Monday, August 12, 2013

A World Without Debt


Edward Hadas has written a good article on the problems of debt. He says that he dreams of a world without debt. Here are his reasons.

Loans and bonds are poorly designed for their primary economic purpose – investment. This observation may sound shocking. Interest-bearing debt is considered totally normal. Financial theory unquestioningly treats risk-free debt as the standard instrument. Savers usually compare all investments to a similar standard: safe bank accounts which pay a steady interest rate.

But a little reflection on the real economy shows that the typical debt arrangement is an unfortunate holdover from a more primitive age. Loans are unnecessarily distant from economic reality. If we were starting now, we would never rely on such rigid instruments to fund investments.

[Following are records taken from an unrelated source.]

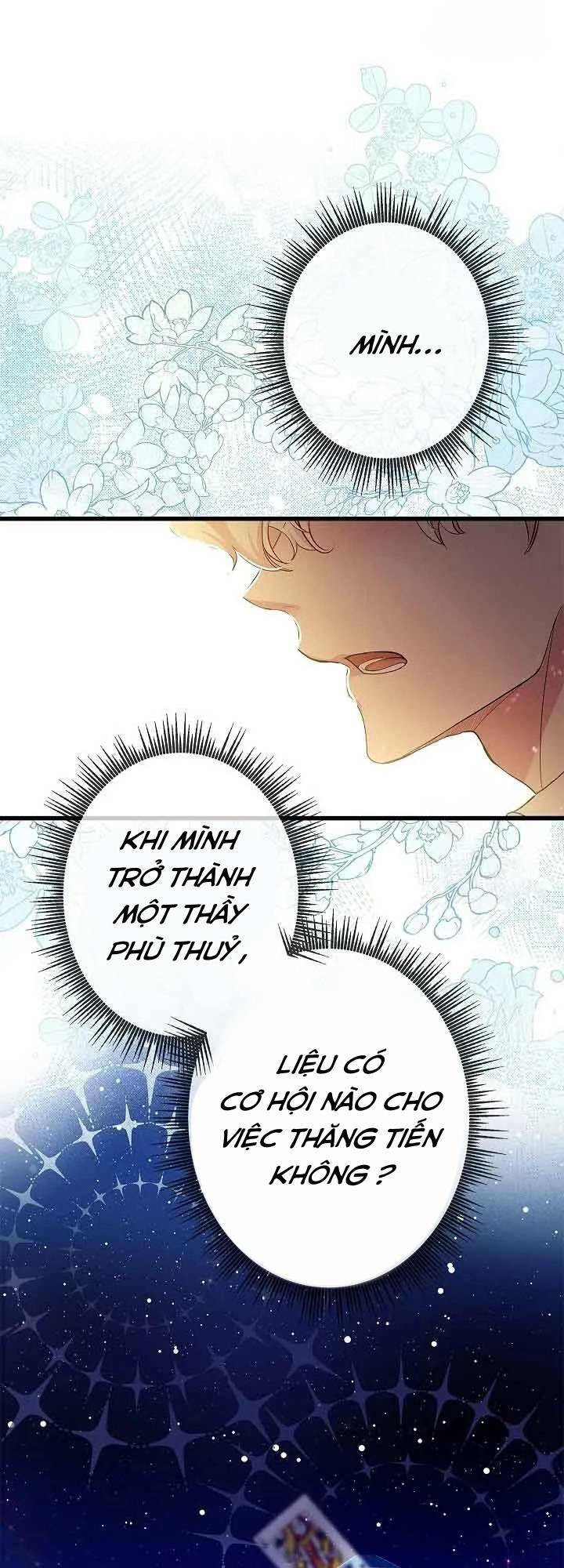 Nếu Là Phản Diện, Liệu Tôi Sẽ Chết?: Chapter 60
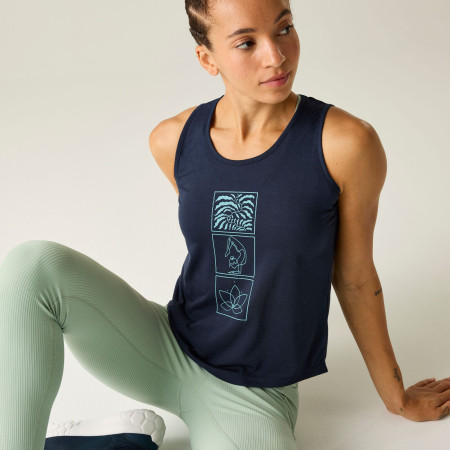 Жіноча майка Dare 2b Harmonic Vest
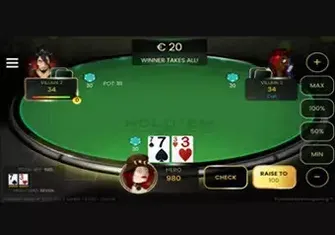 Игровой автомат Hold Em Poker 2 Игровой автомат Hold Em Poker 2
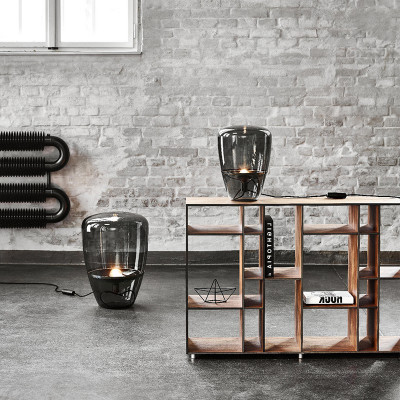 Настольная лампа M-LONT D21 Amber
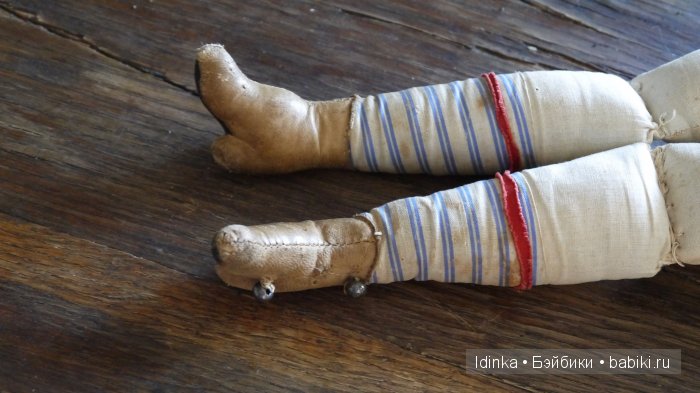 СПА для Елизаветы — Реставрация антикварных кукол: ремонт фарфора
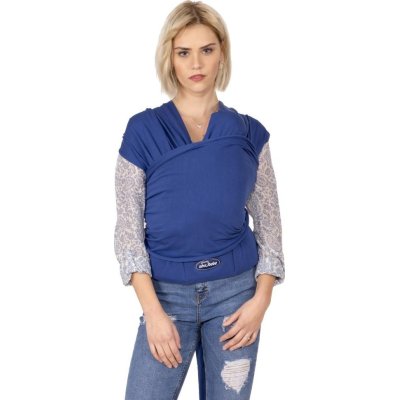 Sevi Bebe Bel Destekli Sling, Lacivert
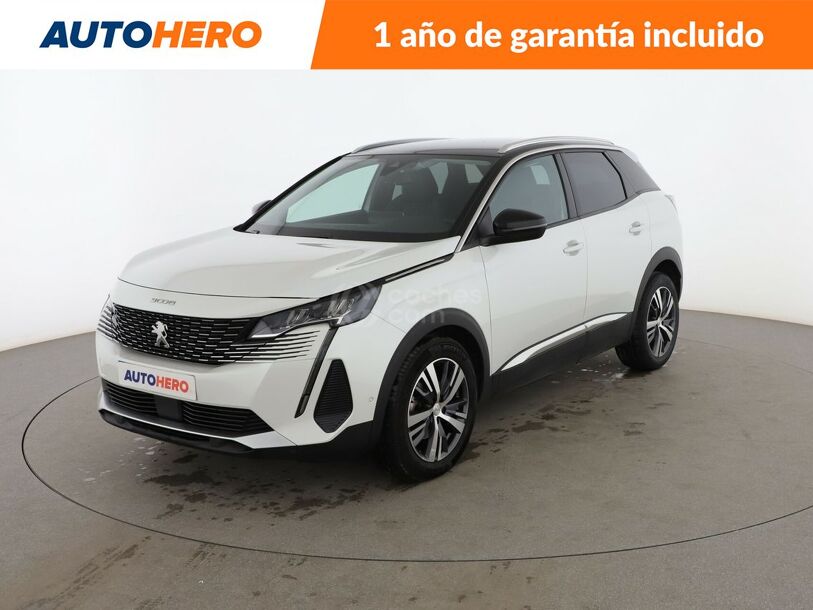 Foto del PEUGEOT 3008 1.5BlueHDi Allure S&S 130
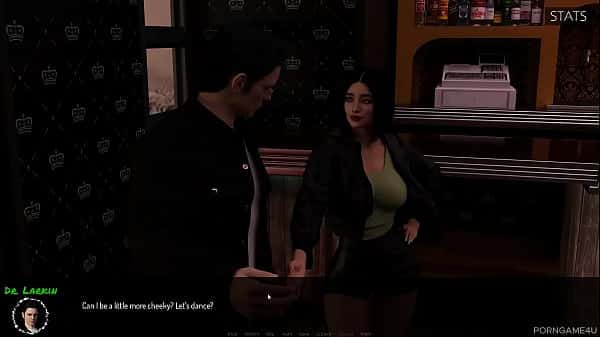 Medical Special Care – Karin handjobs Dr. Larkin in the car – by 10KI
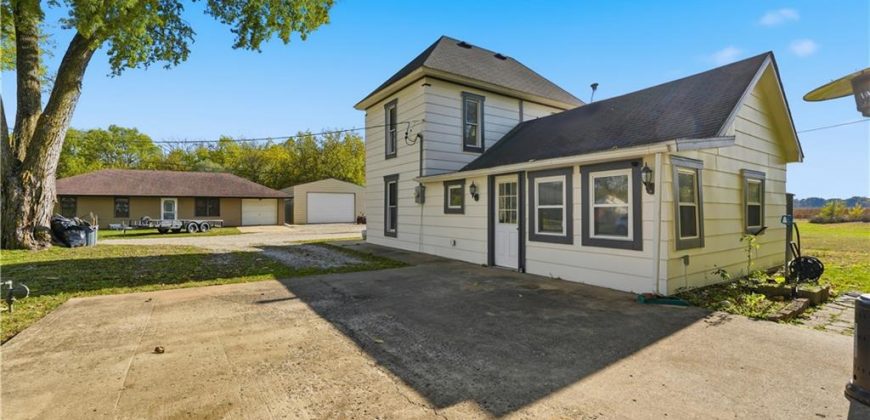 Homes for Sale in Holt, MO 64048 | 606  Water Street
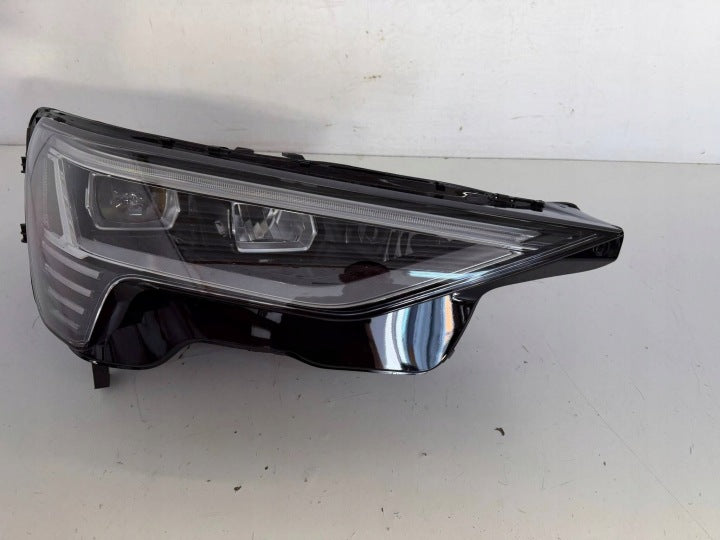 Frontscheinwerfer Audi E-Tron 4KE941040 LED Rechts Scheinwerfer Headlight SCH7282264078lb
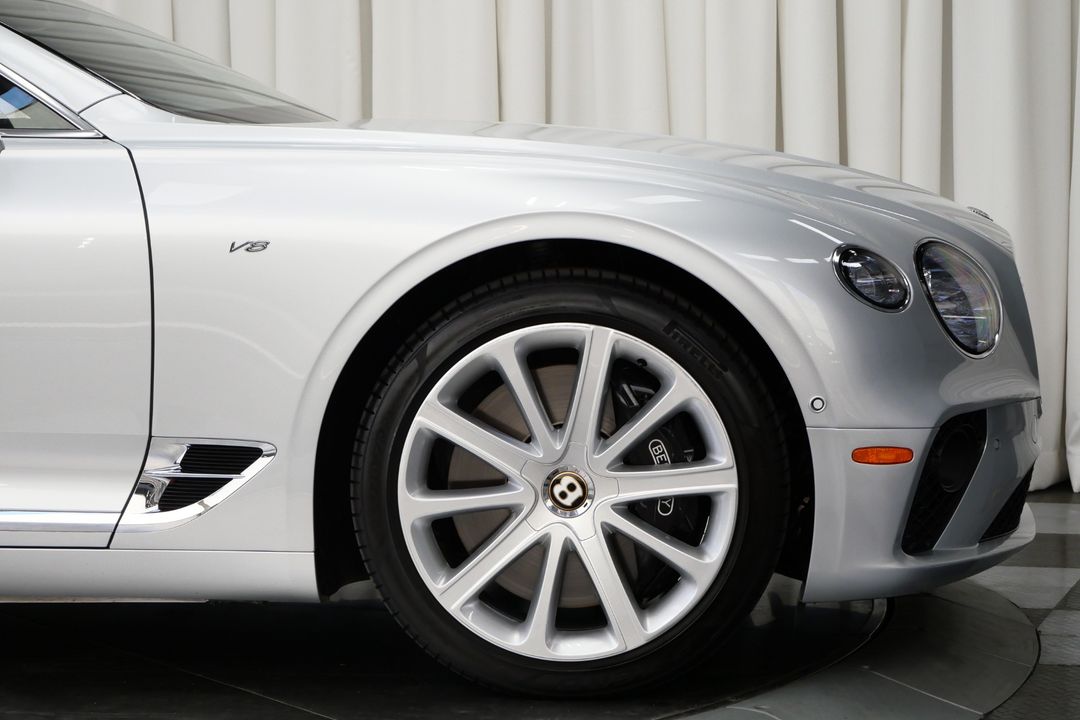 2020 Bentley Continental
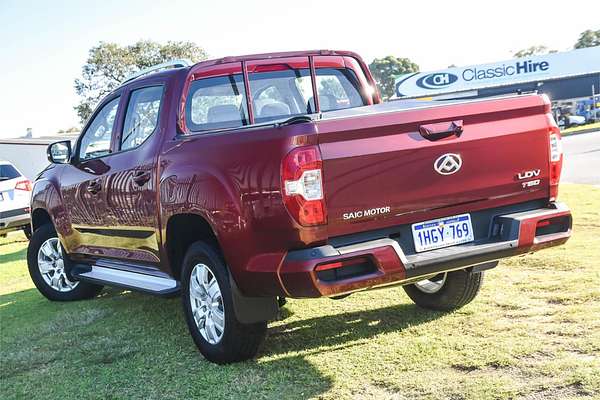 2021 LDV T60 PRO SK8C 4X4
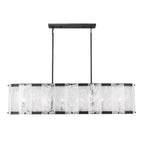 Minka-Lavery Veil 48'' 6-light Linear Chandelier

To start, loans carry a maturity mismatch, because temporary debt funds permanent investments. Depositors can take money out of banks, banks can pull lines of credit and loans are supposed to be repaid or refinanced at maturity. But the factories the credit finances cannot then be unbuilt. The research cannot be undone and the people cannot be untrained.
The way that interest rates are usually fixed in advance is another problem. Unless both sides agree on floating rates, loans are bets on future inflation rates. Sometimes borrowers gain, sometimes lenders do, but either way a totally unnecessary risk is created.

The most important problem with debt is the so-called economic mismatch: the interest payments on loans vary much less than borrowers’ cashflows. Temporary difficulties can lead basically sound companies to skimp on economically valuable investments, or to default.

Banks are supposed to be able to absorb the losses from defaults. They charge riskier borrowers higher interest rates, a burden which makes default more likely. They also have a hierarchy for taking losses. Shareholders lose out first, followed by holders of subordinated debt. In most countries, the government comes to the rescue when losses get really large.

The arrangements are complicated and uncertain – thus the debate over how much capital banks need. The problem, though, is largely created by the duality of loans: either good or bad. If borrowers’ payments were more flexible – lower and higher depending on economic conditions – banks could have financial structures which were both simpler and sounder.

What is needed? Financial instruments which have no maturity, which are protected from inflation and which have variable payments. There’s nothing fantastic about that wish list. Common shares tick all the boxes (Full article at a Imagine a World Without Debt.
The biblical economic model is hostile to debt and interest. Loans for longer than seven years are prohibited, because that is a long as people who do not know the future can commit. The borrower becomes the slave of the lender, and God’s people should be free. Loans to the poor must be interest free. So as the gospel advances the use of debt should decline dramatically, and be replaced with greater use of equity, which is more equitable anyway. Edward’s comments provide economic reasoning to support this view.